They came, they enjoyed, they littered.

The scenic Dimna Lake, a picnic hotspot located 10km from the city, has turned into a garbage dump thanks to picnickers who had their fill of fun on Republic Day, but forgot their civic sense in the process.

The lake witnessed a huge footfall of picnickers on Saturday. The turnout was pretty robust on Sunday as well.

The result? The area around the reservoir nestling at Dimna foothills is littered with thermocol plates, polythene bags, food leftovers and empty liquor bottles.

“The picnic season is nearing its end. We, therefore, thought of going to Dimna Lake today (Sunday). But seeing the filth scattered all over, we changed our plan and headed for Patamda, another picnic spot on the other side of the lake. Thankfully, it was clean,” said Surojit Chatterjee, an employee of an insurance company and a resident of Sonari, who was accompanied by family and friends.

B.N. Shah, a resident of Mirzadih located close to Dimna Lake, said water body and its surroundings needed to be cleaned as early as possible.

“Tourists from Bengal and local picnickers had started pouring in at Dimna ever since the picnic season began in December-end. The picnickers lack civic sense and seldom pick up the trash that they throw here. The lake water has become unfit for use due to floating waste,” Shah, a retired government employee, said, adding that Jusco cannot be blamed as it conduct cleaning drive quite often.

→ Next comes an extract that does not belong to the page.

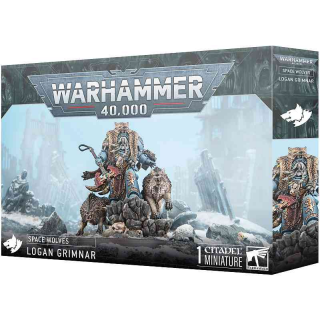 53-28 Space Wolves: Logan Grimnar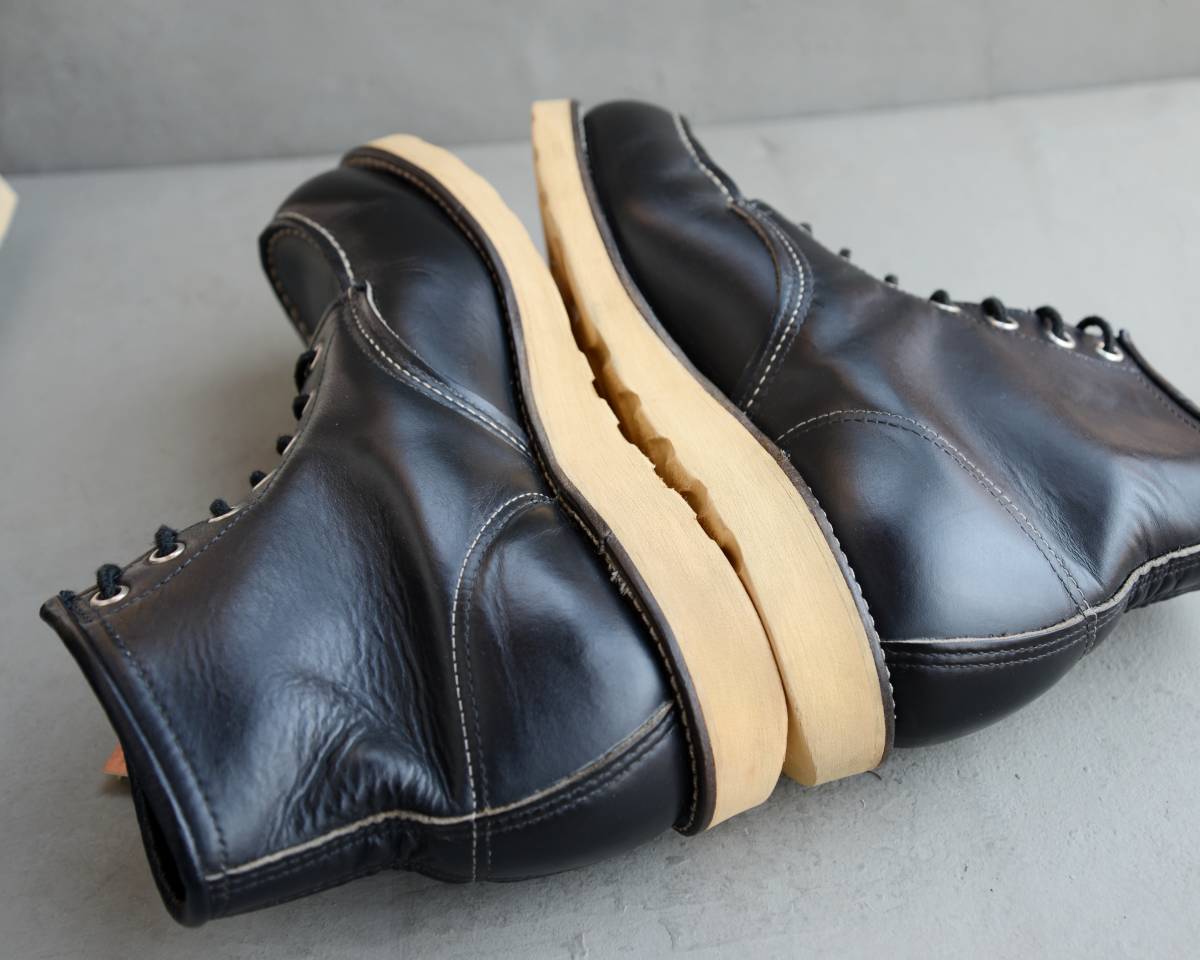 箱付 良品】四角犬タグ 98年製 レッドウイング 8179 US8 5E モックトゥ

Jusco spokesperson Rajesh Rajan blamed picnickers for the mess.

“We engage workers at the lake on a regular basis for carrying out cleaning activity during the picnic season. People should also co-operate. We appealed to people to dispose of their leftovers at a particular place instead of littering them, but picnickers seldom pay heed,” Rajan said.

According to a rough estimate, in the past two weeks of the peak picnic season, average daily footfall touched 1,500 on weekdays and over 5,000 on Saturdays and Sundays.